Exercise
Below is a listing; write it out exactly and drop any images from it.

The data
• • • • •
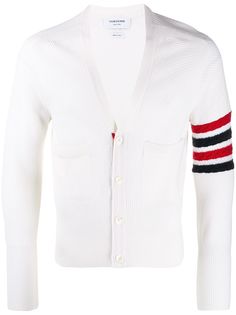 Thom Browne кардиган с полосками 4-Bar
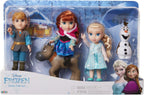 Disney Frozen Deluxe - Set de regalo de muñecas pequeñas, incluye a Anna, Elsa, Kristoff, Sven y Olaf. Las muñecas miden aproximadamente 15 cm de alto - ¡Perfecto para cualquier fan de Frozen!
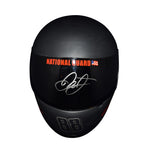 AUTOGRAPHED 2013 Dale Earnhardt Jr. #88 National Guard RARE SKULL DESIGN Carbon Fiber Replica Signed NASCAR Full-Size Helmet with COA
• • • • •
Solution below
 Thom Browne кардиган с полосками 4-Bar
 Disney Frozen Deluxe - Set de regalo de muñecas pequeñas, incluye a Anna, Elsa, Kristoff, Sven y Olaf. Las muñecas miden aproximadamente 15 cm de alto - ¡Perfecto para cualquier fan de Frozen!
 AUTOGRAPHED 2013 Dale Earnhardt Jr. #88 National Guard RARE SKULL DESIGN Carbon Fiber Replica Signed NASCAR Full-Size Helmet with COA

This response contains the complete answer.